ASSIGNMENT: Would you please reproduce all the entries word for word, minus the pictures?
(GIVEN ENTRIES)
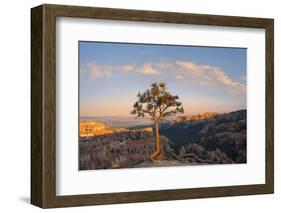 Bryce Canyon National Park-Jon Hicks-Framed Photographic Print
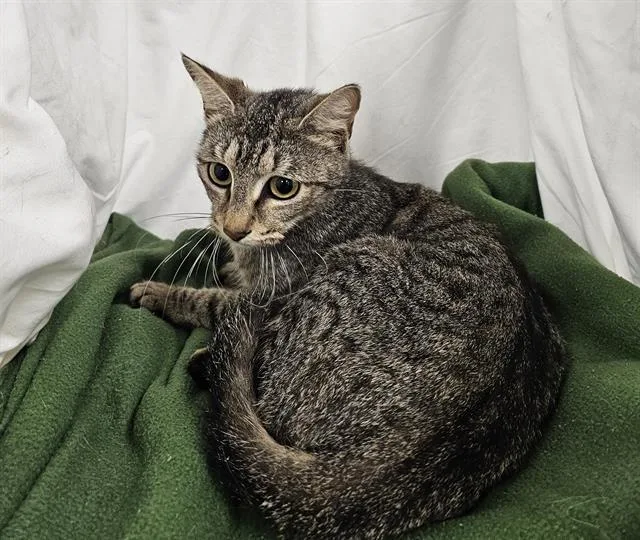 A young medium-sized female Domestic Short Hair cat named Fancy for adoption in Winter Haven, FL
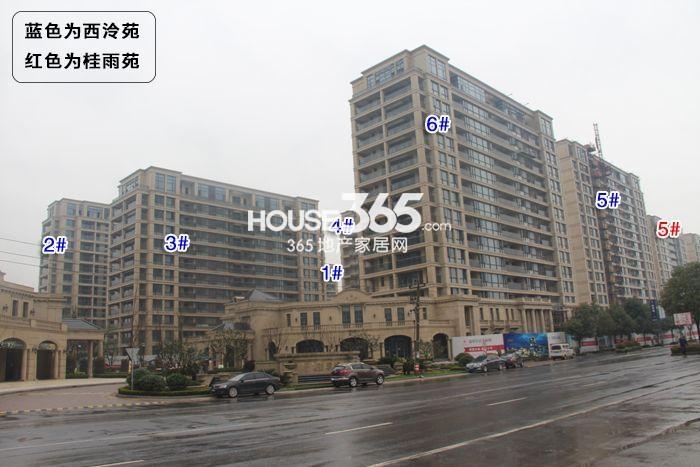 翡翠城西泠苑、桂雨苑施工进程图（2015.3）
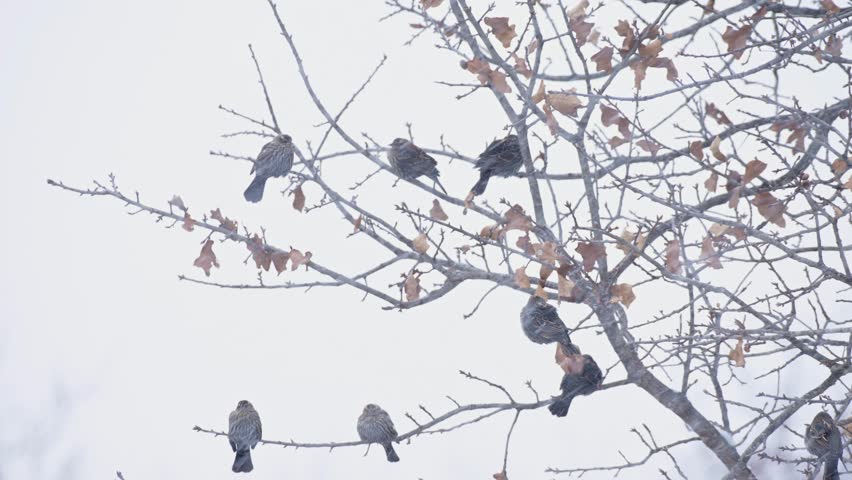 Female and immature Red-winged Blackbirds sitting in an oak tree in a snowstorm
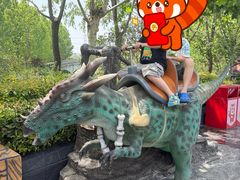 -郑州方特梦幻王国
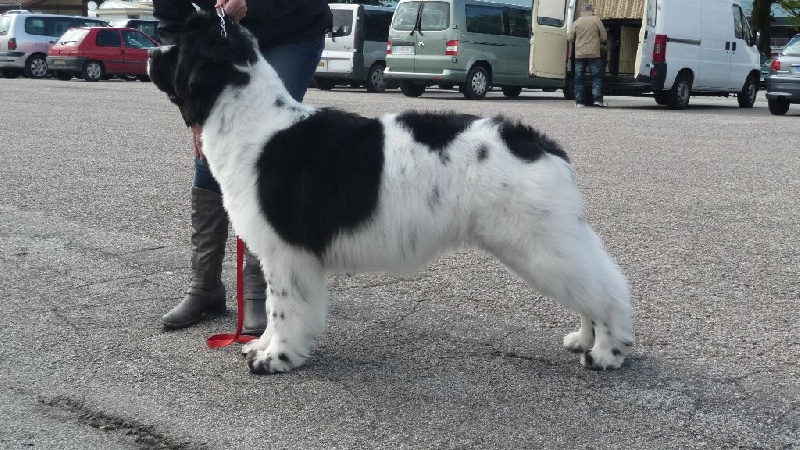 Feeling de la ferme de Terranova - 3 ème EXC CJF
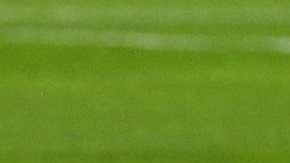 Los médicos confirmaron que el zaguero central sufrió un esguince de primer grado.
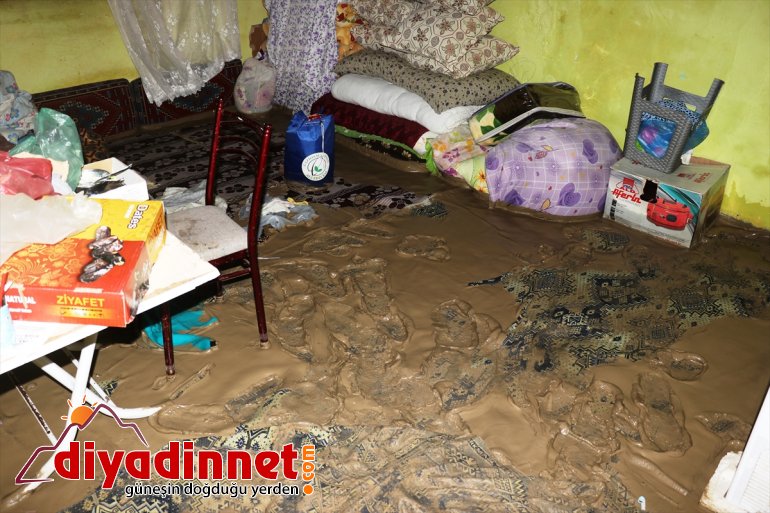 AĞRI izleri - siliniyor olan selin  neden Hasara 10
(End GIVEN ENTRIES)
RESPONSE:
 Bryce Canyon National Park-Jon Hicks-Framed Photographic Print
 A young medium-sized female Domestic Short Hair cat named Fancy for adoption in Winter Haven, FL
 翡翠城西泠苑、桂雨苑施工进程图（2015.3）
 Female and immature Red-winged Blackbirds sitting in an oak tree in a snowstorm
 -郑州方特梦幻王国
 Feeling de la ferme de Terranova - 3 ème EXC CJF
 Los médicos confirmaron que el zaguero central sufrió un esguince de primer grado.
 AĞRI izleri - siliniyor olan selin  neden Hasara 10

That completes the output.